1人、何だか嬉しいような、恥ずかしいような、ムズムズしてると。
蓮は、スマホを取り出した。
「樹とゴールしたぞ。 がんばれ」
蓮がそう送ったのを見て、蓮のメッセージの後ろに、オレも、ガンバレスタンプを押してみた。
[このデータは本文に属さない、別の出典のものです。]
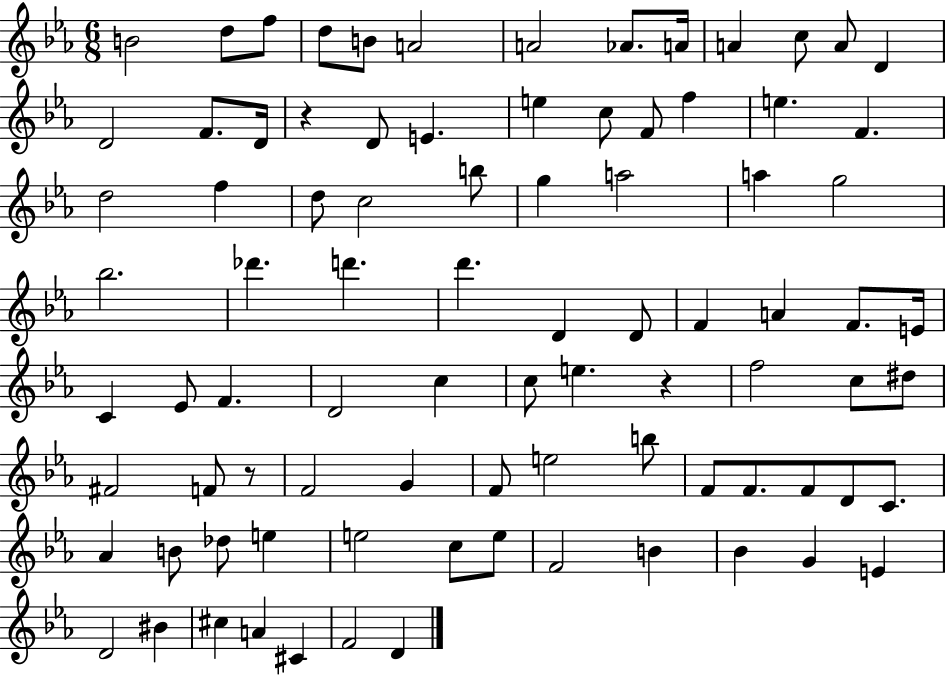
X:1
T:Untitled
M:6/8
L:1/4
K:Eb
B2 d/2 f/2 d/2 B/2 A2 A2 _A/2 A/4 A c/2 A/2 D D2 F/2 D/4 z D/2 E e c/2 F/2 f e F d2 f d/2 c2 b/2 g a2 a g2 _b2 _d' d' d' D D/2 F A F/2 E/4 C _E/2 F D2 c c/2 e z f2 c/2 ^d/2 ^F2 F/2 z/2 F2 G F/2 e2 b/2 F/2 F/2 F/2 D/2 C/2 _A B/2 _d/2 e e2 c/2 e/2 F2 B _B G E D2 ^B ^c A ^C F2 D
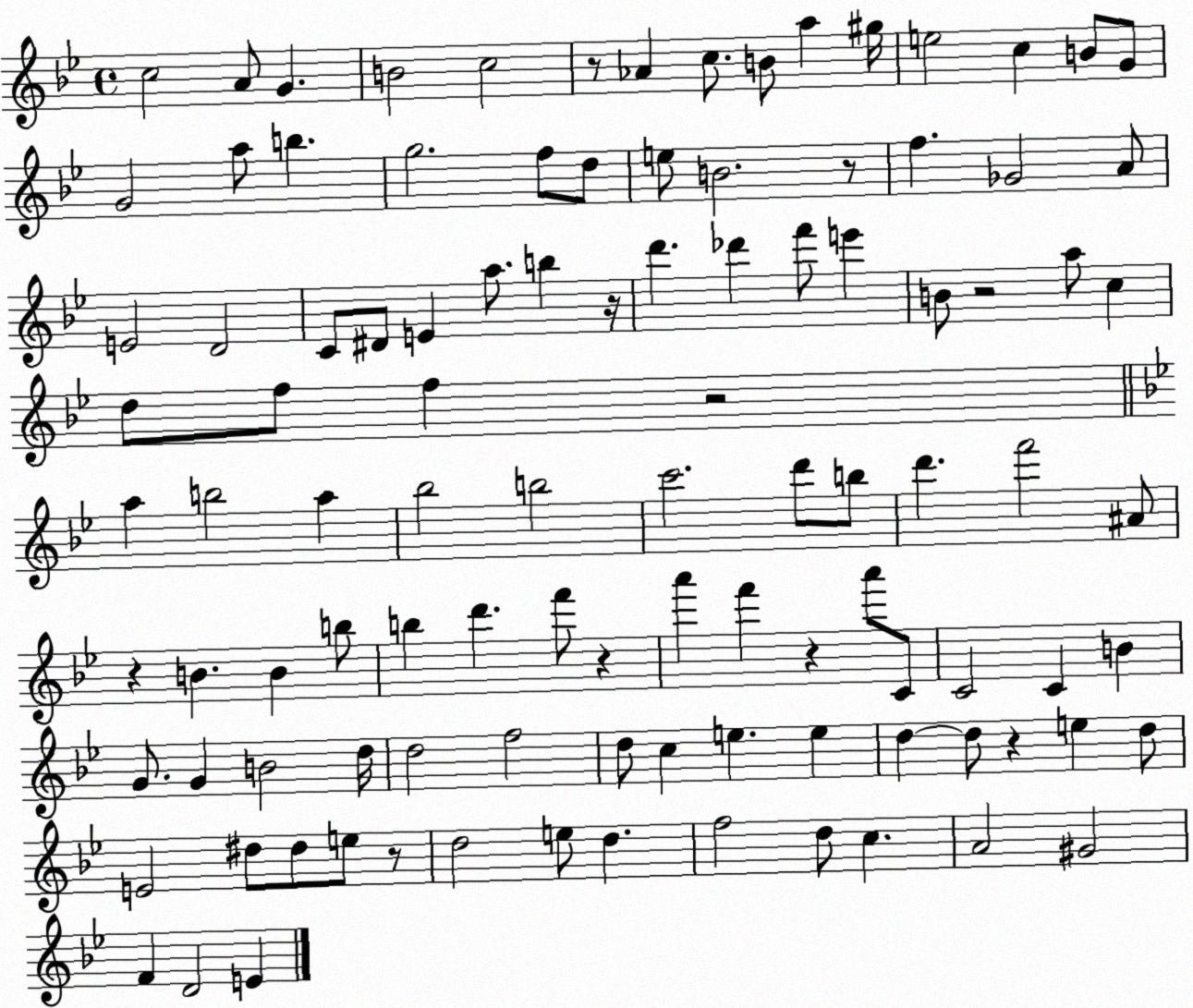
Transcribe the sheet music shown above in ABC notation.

X:1
T:Untitled
M:4/4
L:1/4
K:Bb
c2 A/2 G B2 c2 z/2 _A c/2 B/2 a ^g/4 e2 c B/2 G/2 G2 a/2 b g2 f/2 d/2 e/2 B2 z/2 f _G2 A/2 E2 D2 C/2 ^D/2 E a/2 b z/4 d' _d' f'/2 e' B/2 z2 a/2 c d/2 f/2 f z2 a b2 a _b2 b2 c'2 d'/2 b/2 d' f'2 ^A/2 z B B b/2 b d' f'/2 z a' f' z a'/2 C/2 C2 C B G/2 G B2 d/4 d2 f2 d/2 c e e d d/2 z e d/2 E2 ^d/2 ^d/2 e/2 z/2 d2 e/2 d f2 d/2 c A2 ^G2 F D2 E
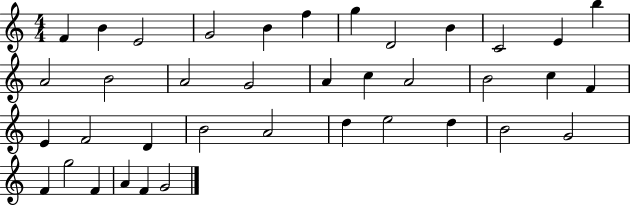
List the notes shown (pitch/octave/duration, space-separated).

F4/q B4/q E4/h G4/h B4/q F5/q G5/q D4/h B4/q C4/h E4/q B5/q A4/h B4/h A4/h G4/h A4/q C5/q A4/h B4/h C5/q F4/q E4/q F4/h D4/q B4/h A4/h D5/q E5/h D5/q B4/h G4/h F4/q G5/h F4/q A4/q F4/q G4/h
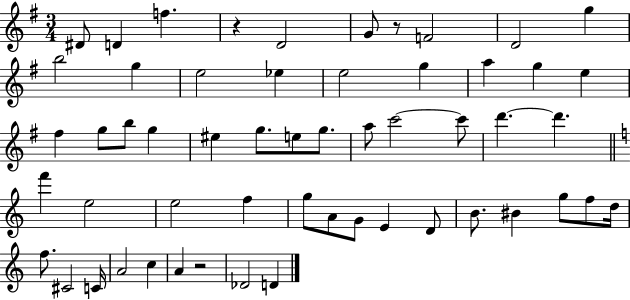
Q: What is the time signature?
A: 3/4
皆から、「えー」だの、「がーん」だの、そんなスタンプが送られてくる。
ぷ、と笑いながらスマホをしまうと、蓮はオレの腕を引いた。
「あそこ、座ってようぜ、樹」
出口の近くのベンチに2人で座って、皆を待つ事にした。
「な、樹。あとでさ、買い出し行くけど、 夜、何か食べたいものある?」
「夜? バーベキューじゃないの?」
「そうなんだけど、2日続けて焼きそばも微妙だし、何か他のもので」
「うーん、何だろ……お腹にたまるもの?って事?」
「ん」
「鉄板で焼けるものでしょ?」
「んーそうだな」
「鉄板かー。焼きうどんとか……なんだろ。あ。お好み焼きは?」
「お好み焼きか。 ……いいかも。余った野菜つっこめるし」
「うん。食べたい」
「おっけ、決まり。デザートは?」
「デザート? …… 冷凍庫ってちっちゃいんだっけ?」
「まあでもそこそこ入るよ。 ああ、アイス?」
「うん、アイスたべたい」
「他は? なんか、他に食べたいものある?」
次々聞かれて、苦笑い。
「えーと…… って、蓮」
「ん?」
「オレだけが食べるんじゃないし、皆に聞かないと」
クスクス笑い出したオレに、蓮は首を振った。
「いーのいーの。昨日の感じだと、大体オレが作るんだし。オレは、樹の食べたいものを作りたいし。あいつらはきっとなんでも喜ぶと思うから」
「――――……」
蓮のそんな言葉に、ふ、と微笑んでしまう。
「ん?どした?……可愛い顔して」
クスクス笑う、そんな蓮のセリフには、苦笑いしつつ。
優しい顔してこっちを見てる蓮を、ただ見つめ返してしまう。